Tuesday, March 30, 2010

Plan for Tomorrow's A ride from Dorking

Dear All

As there seems to be an alarming consensus among the weather pundits that it is going to be wet tomorrow, I am proposing only a modest A group ride from Dorking tomorrow. The plan is therefore to venture no further south than Lamb's Green and to keep our heads out of the clouds. I hope that this will not be thought too timorous. I hope to make up for it on the next ride from Dorking on 9 June!

Don't forget your capes.


Thursday, March 25, 2010

The Story of Heaven and Hell

Albert again posted my photo so I suppose I have to tell you another story:
You read about the suicide bombers who create so much loss of life and the victims are all Innocent people. These suicide people are called radicalised, means their minds are brain washed. How it's done is they are offered entry into heaven where it is said they are looked after by beautiful women and there are rivers of wine as compared to the hell where the life is terrible. Now it means there is Heaven and Hell. Even other religions also preach. We are told good people go to heaven, bad people go to Hell when they die.
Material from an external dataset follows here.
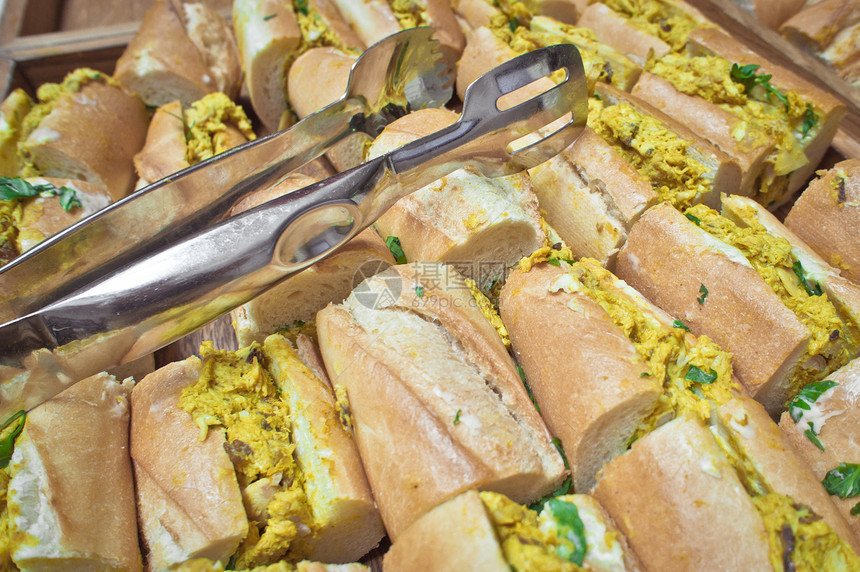 加冕鸡肉袋式餐饮食物服务午餐公司拼盘黄色款待自助餐餐厅图片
The story is Once a very popular politician, I forgot his name, after his death he went up in front of God and as he done some good work in life. The God told him that he could choose either Heaven or Hell. He said before I make a choice I like to see both places. He was first shown heaven, which was all peaceful calm no big house of common debates, he asked about newspapers, no papers as there was no bad things happening so no newspapers. He asked to be shown the Hell, The guide took him to the Hell. The Satan open the door, what he saw really amazed him there were lot of singing, dancing strikes people milling around more gay than Piccadilly circus lot of news stands selling Times, Daily Mail and lot of other papers.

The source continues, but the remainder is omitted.